Among the entries below, find the line with "Ruan Ben Ja", then quote it and each following line up to and including the line with "21267001_carP_l_19.jpg", and nothing else.
** DATA EXCERPTS follows **
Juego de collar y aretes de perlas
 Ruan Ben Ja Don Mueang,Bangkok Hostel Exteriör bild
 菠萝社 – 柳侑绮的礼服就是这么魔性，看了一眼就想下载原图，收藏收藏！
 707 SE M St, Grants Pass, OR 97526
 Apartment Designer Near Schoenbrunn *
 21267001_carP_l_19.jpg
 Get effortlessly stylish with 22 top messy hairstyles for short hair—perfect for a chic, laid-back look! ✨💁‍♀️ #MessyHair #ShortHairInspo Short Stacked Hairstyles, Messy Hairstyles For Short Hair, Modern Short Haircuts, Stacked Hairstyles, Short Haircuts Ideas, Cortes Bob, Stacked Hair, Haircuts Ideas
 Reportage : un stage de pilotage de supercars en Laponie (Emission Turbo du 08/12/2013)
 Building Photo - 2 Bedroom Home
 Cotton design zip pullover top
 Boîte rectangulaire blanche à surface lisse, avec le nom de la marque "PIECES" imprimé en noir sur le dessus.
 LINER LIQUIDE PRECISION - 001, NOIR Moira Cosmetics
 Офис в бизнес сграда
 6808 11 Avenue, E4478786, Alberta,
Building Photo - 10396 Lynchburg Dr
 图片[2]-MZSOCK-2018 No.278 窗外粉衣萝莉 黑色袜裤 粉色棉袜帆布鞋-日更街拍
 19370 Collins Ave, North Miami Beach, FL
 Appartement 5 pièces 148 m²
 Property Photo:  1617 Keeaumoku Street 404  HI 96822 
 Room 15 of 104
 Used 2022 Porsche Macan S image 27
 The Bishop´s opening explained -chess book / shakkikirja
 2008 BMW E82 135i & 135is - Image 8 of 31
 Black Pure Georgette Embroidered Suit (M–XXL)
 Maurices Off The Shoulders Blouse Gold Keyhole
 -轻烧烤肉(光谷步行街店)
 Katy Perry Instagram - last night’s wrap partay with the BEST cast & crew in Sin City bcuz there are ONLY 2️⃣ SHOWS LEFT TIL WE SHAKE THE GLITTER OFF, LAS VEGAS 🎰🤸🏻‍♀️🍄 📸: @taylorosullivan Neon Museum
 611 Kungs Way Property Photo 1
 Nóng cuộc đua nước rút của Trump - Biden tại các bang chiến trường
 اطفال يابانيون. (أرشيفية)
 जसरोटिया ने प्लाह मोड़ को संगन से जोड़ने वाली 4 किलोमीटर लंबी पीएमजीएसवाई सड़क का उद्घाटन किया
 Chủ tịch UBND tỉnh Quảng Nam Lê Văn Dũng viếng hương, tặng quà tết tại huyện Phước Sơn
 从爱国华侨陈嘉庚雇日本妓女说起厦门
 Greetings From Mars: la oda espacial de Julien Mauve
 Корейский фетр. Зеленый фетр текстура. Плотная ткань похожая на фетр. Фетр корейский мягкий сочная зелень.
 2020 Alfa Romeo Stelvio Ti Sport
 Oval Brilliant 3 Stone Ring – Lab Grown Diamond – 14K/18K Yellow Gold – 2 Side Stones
** End of DATA EXCERPTS **
## TASK OUTPUT
 Ruan Ben Ja Don Mueang,Bangkok Hostel Exteriör bild
 菠萝社 – 柳侑绮的礼服就是这么魔性，看了一眼就想下载原图，收藏收藏！
 707 SE M St, Grants Pass, OR 97526
 Apartment Designer Near Schoenbrunn *
 21267001_carP_l_19.jpg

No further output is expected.